There is so much luscious photography here, a real gluttony of beautiful images that intimately capture a tribe of macaque monkeys in Sri Lanka that I’d like to look the other way, I really would. But Disney Nature isn’t just making nature documentaries. It’s telling stories. Feel good stories. And if the monkeys don’t provide enough drama, or a convenient narrative arc, then one will be provided for them.
The monkeys live in an abandoned ancient city reclaimed by the jungles of Sri Lanka. It’s a striking if haunting place to film monkeys being their monkey selves. The movie focuses on one in particular – Maya, a “low-born” lady monkey with a bowl cut a la Jim Carrey in Dumb And Dumber. Poor Maya gets the last and worst of everything. Even though it’s Tina Fey doing the narrating, you can almost hear Rodney Dangerfield going into his “I get no respect, no respect at all” routine.
Then the soap opera unfolds. Maya gets a boyfriend, but then he gets exiled by the possessive head of household, who normally doesn’t give her the time of day but instead hangs out with the three ugly step sisters who taunt our poor Maya and don’t let her join in any reindeer games. So of course when the boyfriend is run off we find out Maya’s pregnant and she has to be a single Mom, scavenging children’s birthday parties to put frosting and cheesies on the table. And then an enemy tribe shows up to do battle because they want to live on Castle Rock and so far Maya’s tribe only shares reluctantly with an antisocial mongoose. It feels a little like an episode of The Walking Dead – two bands fighting for survival, wanting the best and safest territory for themselves. Maya’s tribe loses, and must leave. Her band of macaques ends up going into the city where they literally monkey around – stealing food from carts, shop lifting from stalls, gorging on people’s dinners while their backs are turned. AND THEIR BACKS ARE ALWAYS TURNED!

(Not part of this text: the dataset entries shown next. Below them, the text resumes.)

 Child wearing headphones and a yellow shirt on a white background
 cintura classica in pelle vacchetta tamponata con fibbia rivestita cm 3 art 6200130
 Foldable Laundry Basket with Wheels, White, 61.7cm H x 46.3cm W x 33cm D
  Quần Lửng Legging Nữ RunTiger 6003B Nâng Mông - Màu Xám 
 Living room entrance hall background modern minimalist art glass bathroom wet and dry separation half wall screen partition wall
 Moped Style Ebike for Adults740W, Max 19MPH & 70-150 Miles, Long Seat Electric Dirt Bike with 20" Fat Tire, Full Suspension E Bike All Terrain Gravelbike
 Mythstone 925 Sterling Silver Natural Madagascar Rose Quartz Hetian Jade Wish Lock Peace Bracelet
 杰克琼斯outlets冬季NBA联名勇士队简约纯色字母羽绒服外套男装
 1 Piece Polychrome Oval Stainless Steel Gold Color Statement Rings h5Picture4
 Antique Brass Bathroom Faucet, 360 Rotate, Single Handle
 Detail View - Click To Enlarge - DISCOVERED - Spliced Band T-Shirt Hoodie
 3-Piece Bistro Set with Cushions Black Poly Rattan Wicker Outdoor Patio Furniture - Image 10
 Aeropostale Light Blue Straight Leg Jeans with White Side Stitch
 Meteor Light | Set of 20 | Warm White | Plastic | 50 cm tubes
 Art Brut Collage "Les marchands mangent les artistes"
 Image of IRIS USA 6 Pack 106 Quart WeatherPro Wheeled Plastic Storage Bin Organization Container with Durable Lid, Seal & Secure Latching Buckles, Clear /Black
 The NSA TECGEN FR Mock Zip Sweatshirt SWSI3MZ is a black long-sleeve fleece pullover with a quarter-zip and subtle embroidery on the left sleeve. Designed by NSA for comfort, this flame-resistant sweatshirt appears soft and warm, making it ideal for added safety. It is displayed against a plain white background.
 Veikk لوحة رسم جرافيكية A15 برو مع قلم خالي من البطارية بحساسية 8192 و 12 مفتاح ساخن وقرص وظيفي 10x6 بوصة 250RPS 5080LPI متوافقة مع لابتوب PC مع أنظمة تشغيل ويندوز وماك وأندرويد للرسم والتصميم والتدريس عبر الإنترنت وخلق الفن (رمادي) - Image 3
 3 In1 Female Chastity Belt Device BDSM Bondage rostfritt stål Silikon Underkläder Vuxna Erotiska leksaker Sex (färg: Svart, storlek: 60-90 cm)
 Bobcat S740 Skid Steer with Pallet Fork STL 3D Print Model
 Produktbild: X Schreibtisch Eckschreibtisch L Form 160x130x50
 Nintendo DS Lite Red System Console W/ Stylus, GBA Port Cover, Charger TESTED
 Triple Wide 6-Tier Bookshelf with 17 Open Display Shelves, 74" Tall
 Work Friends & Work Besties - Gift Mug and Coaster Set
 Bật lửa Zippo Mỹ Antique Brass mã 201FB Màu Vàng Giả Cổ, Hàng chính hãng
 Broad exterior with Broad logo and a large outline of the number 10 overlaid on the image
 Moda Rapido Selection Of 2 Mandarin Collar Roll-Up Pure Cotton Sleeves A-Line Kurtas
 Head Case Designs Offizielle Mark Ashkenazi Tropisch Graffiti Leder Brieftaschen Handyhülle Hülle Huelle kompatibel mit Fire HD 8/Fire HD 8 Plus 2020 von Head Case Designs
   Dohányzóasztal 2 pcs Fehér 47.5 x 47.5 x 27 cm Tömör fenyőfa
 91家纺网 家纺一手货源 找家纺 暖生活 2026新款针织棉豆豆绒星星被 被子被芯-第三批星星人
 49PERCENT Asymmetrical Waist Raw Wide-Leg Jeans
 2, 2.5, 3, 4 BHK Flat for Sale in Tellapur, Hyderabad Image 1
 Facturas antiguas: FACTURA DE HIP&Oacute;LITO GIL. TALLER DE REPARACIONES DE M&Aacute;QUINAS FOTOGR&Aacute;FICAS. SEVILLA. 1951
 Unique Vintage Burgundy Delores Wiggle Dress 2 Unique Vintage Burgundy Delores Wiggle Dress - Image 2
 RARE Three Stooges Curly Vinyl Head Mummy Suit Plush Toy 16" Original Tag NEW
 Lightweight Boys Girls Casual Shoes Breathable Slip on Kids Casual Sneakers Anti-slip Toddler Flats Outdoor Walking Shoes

There’s a lot to commend and recommend, but let’s face it: Disney is staging its documentaries. These stories don’t just happen in the wild. If you watch, say, Planet Earth, David Attenborough will narrate what is happening so that you can fully appreciate what you see. Tina Fey, wonderful as she is, and I did love the jokey, conversational tone of her narration, is often telling us what the monkeys are thinking. And just how does Tina Fey know what the monkeys are thinking? Did the monkeys provide a script? Is Disney just filming an elaborate play put on by very clever monkeys? Since when does a nature documentary have plot?
I should have known. I should have known that a film studio who banks on sympathetic, singing lions, and little birds who braid hair, and apes who adopt humans, and sharks who won’t eat fish, and dogs who plan elaborate, romantic dates, well, they’re probably not going to be able to shake that tendency in a hurry, are they? So do they give in to their singing-animal desires and use The Monkees as a soundtrack? Sure they do. And throw in Salt N Pepa’s Whatta Man for good measure. I know it sounds like I’m knocking it and I guess I kind of am. I’m a bit of a purist. But the truth is, this is eminently watchable, and friendly, and does a good job of bridging the gap between cartoon and nature show. It will engage children, and it’s not a bad place to start for a young, curious mind – hopefully curious enough to look beyond the silliness and think about what life in the jungle really means.